Please punch yourself in the face

I can't even.

So... this article is not only Exhibit #3098247 demonstrating the insane, over-the-top arrogance (and ignorance) of Designers - it's also a perfect illustration of Tech's willful blindness when it comes to its own shit.
"Exclusive: Meet The Designer Who Could Reshape Uber"
No designer is going to "reshape Uber" unless they also happen to be the CEO, the Board Chair or perhaps a senior person in the US Gov't. Thinking otherwise (much less saying so) isn't just arrogance - it's psychotic.
"The company’s new VP of design, Michael Gough, is a former architect who wants to make the maligned company more empathetic."
You want to make Uber more "empathetic?"
Start by replacing most of the BoD. Then a bunch of the exec team. Then many of the managers. Then a ton of the engineers. Oh... and also your HR team, and your processes, and your policies.
I mean... for fuck's sake, the person writing this is ostensibly a "journalist." How hard is it to go and read the stuff on the Holder report.

I'm super sorry it makes you feel helpless, but better UX ain't fixing SHIT at Uber.
"But can design fix what is ultimately a PR problem of global scale?"
In all seriousness - go fuck yourself.

What is going on with Uber isn't, and has never been, "a PR problem" and saying so is not only incorrect it's immoral.

If you genuinely believe that what's going on with Uber is a "PR" issue - then you're saying that all the things that Uber has done (and continues to do) are totally fine, and that the problem is the way all of this is perceived.

And if that is the way you feel, again and with all due respect - go fuck yourself.
"This arc, all of the [PR] challenges aside, is a natural arc. The next big step is to become a company that’s really, really good at connecting with people and people’s needs."
"All of the PR challenges aside?!?!?!?!"

Again, and this time from the heart, kindly go fuck yourself.

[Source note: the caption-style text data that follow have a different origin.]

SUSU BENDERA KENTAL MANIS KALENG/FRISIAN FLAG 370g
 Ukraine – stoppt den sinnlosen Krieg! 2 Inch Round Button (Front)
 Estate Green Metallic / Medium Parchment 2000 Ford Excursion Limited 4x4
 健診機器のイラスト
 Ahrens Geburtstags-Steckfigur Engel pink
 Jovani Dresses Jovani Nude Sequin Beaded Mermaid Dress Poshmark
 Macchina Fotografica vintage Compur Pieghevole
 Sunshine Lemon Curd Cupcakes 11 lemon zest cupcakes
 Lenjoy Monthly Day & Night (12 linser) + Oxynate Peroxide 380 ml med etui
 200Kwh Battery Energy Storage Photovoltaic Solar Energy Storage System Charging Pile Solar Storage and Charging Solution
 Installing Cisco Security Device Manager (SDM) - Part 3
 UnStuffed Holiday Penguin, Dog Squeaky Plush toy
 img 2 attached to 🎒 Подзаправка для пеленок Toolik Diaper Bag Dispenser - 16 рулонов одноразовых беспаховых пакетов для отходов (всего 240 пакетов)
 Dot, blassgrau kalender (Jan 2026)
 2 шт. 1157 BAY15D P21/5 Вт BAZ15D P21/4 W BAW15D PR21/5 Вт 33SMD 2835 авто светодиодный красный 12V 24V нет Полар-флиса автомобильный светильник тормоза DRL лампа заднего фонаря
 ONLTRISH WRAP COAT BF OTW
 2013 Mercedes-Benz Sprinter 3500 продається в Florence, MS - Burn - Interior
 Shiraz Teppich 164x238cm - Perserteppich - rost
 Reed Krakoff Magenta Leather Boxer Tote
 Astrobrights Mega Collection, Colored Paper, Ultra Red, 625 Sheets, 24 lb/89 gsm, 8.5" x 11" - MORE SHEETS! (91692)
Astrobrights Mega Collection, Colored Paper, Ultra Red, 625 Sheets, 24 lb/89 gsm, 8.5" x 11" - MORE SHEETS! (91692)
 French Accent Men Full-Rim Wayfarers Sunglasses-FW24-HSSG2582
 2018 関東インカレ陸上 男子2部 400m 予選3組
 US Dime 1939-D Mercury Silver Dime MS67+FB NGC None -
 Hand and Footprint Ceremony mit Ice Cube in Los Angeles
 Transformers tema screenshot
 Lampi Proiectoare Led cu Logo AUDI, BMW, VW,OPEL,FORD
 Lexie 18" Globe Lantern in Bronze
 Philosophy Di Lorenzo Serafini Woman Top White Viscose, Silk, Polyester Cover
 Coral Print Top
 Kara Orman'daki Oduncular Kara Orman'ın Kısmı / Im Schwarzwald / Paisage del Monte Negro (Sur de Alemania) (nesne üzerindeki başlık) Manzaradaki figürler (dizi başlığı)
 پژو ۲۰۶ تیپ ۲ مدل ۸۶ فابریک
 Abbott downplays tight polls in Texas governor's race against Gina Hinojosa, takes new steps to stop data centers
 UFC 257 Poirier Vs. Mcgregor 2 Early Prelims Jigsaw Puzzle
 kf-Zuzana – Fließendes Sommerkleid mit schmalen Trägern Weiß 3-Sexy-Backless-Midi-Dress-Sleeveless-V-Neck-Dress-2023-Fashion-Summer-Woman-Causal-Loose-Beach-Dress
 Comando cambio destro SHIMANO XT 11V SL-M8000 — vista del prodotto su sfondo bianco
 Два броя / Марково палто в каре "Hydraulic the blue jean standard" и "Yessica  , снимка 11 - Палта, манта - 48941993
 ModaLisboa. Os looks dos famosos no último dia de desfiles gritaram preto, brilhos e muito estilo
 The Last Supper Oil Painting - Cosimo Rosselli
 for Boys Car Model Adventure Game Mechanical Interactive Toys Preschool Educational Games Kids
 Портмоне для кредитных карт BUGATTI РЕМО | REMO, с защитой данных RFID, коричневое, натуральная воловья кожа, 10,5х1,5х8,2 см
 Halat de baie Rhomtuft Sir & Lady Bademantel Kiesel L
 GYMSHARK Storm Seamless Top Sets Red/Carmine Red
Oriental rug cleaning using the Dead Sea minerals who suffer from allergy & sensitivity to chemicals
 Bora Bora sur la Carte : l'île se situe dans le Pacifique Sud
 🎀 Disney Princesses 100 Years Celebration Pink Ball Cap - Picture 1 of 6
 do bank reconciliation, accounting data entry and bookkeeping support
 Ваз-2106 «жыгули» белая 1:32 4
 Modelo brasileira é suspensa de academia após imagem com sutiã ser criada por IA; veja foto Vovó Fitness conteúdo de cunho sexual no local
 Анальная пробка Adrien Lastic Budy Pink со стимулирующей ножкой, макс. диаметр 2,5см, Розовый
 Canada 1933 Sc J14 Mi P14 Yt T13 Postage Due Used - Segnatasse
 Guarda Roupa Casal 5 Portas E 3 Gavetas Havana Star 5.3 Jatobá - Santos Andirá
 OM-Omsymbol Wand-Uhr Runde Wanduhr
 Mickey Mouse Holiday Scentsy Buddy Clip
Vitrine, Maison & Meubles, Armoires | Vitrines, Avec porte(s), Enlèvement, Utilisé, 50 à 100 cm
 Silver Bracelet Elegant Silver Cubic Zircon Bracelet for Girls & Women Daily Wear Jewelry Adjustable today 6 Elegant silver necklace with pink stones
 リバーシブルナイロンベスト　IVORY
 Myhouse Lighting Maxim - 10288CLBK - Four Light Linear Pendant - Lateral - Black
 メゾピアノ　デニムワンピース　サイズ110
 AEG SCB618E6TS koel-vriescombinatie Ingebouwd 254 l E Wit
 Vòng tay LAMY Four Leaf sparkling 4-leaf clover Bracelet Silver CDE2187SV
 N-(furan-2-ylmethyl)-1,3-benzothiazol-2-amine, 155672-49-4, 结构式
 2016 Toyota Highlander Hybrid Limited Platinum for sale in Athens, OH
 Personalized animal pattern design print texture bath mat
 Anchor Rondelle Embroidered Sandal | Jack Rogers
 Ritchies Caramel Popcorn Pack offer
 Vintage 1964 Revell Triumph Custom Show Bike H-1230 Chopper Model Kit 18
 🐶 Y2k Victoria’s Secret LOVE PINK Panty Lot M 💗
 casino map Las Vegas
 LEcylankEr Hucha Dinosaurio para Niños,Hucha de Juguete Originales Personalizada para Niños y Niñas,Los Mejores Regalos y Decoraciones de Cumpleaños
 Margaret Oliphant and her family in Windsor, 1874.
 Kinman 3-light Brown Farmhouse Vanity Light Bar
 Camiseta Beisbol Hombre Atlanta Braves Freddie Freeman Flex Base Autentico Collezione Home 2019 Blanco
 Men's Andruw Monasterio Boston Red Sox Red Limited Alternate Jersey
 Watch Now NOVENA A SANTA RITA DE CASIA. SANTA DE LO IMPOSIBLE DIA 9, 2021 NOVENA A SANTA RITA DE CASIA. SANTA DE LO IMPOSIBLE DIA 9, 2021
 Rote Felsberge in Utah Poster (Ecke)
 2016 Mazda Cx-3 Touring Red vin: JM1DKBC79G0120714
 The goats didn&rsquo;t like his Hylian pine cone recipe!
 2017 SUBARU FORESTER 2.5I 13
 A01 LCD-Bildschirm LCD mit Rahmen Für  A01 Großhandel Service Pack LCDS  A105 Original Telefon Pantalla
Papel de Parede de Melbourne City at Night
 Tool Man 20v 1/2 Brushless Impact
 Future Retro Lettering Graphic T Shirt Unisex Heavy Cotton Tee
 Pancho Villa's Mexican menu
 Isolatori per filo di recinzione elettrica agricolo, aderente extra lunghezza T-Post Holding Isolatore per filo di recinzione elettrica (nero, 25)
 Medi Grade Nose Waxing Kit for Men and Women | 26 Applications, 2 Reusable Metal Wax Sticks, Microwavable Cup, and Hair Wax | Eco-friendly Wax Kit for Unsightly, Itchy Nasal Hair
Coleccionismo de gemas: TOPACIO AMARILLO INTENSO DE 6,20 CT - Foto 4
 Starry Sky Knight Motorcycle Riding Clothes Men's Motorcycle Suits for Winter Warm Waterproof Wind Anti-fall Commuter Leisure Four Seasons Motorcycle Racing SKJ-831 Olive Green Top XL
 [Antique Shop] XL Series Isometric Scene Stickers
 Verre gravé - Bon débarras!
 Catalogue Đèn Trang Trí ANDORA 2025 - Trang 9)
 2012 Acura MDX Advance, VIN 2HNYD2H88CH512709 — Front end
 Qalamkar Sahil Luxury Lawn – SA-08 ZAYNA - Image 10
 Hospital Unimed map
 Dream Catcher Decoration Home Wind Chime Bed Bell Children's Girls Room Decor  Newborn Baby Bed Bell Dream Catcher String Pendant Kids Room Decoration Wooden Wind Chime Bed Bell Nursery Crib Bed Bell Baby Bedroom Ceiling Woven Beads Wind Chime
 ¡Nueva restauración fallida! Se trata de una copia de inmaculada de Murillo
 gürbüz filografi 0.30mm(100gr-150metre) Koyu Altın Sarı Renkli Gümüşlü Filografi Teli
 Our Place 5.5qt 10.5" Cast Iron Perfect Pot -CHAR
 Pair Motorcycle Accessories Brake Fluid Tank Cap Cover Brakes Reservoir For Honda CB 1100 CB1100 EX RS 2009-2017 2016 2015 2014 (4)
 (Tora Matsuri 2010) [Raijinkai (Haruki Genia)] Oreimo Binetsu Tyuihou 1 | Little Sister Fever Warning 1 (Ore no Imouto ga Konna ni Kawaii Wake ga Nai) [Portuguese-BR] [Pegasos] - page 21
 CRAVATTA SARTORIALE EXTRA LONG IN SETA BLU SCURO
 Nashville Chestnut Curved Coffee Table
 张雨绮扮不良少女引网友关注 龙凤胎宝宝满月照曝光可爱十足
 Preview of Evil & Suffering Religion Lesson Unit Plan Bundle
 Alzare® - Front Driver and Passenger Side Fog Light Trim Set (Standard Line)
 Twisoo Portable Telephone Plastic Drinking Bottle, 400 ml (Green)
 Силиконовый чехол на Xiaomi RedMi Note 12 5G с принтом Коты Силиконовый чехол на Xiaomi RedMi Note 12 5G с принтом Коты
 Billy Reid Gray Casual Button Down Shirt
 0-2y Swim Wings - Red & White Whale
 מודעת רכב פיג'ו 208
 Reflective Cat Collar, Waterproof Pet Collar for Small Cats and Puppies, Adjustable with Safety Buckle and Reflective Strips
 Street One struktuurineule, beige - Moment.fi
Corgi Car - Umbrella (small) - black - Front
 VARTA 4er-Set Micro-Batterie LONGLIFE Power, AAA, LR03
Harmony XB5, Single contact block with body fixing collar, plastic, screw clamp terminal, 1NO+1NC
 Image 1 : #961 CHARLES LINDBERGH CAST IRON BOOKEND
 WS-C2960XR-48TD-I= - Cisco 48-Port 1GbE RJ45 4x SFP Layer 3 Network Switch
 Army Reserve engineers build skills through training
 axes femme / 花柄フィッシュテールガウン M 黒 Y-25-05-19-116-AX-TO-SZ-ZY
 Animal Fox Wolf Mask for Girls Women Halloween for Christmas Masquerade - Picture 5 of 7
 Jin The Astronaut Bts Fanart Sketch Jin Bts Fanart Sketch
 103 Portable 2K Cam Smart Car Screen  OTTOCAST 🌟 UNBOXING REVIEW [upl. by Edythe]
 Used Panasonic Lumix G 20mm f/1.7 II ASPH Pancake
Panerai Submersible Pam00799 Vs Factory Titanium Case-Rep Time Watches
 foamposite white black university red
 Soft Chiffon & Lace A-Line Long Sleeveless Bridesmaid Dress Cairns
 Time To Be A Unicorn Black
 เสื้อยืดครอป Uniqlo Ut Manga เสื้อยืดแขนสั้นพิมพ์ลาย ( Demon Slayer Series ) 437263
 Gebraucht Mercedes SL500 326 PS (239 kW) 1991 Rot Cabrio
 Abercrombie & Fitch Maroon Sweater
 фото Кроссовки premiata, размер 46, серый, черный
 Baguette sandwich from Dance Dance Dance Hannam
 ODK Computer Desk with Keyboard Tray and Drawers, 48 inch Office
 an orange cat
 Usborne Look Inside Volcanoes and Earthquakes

What you all need to become is a company that isn't evil, that cares about something other than IRR and User Adoption, that respects humans (including your employees, your customers and your drivers), that understands and follows laws and regulations and that, basically, isn't staffed by sociopathic douchebros.
"...this idea that there’s a physical world, and it’s being manipulated by tech in positive ways, is just super, super enticing to me."
The idea that you think that the physical world's manipulation by tech (illustrated by Uber) is a positive thing is just super, super depressing to me.

The idea that you unconsciously used "manipulated" in this context, about Uber, is super, super telling to me.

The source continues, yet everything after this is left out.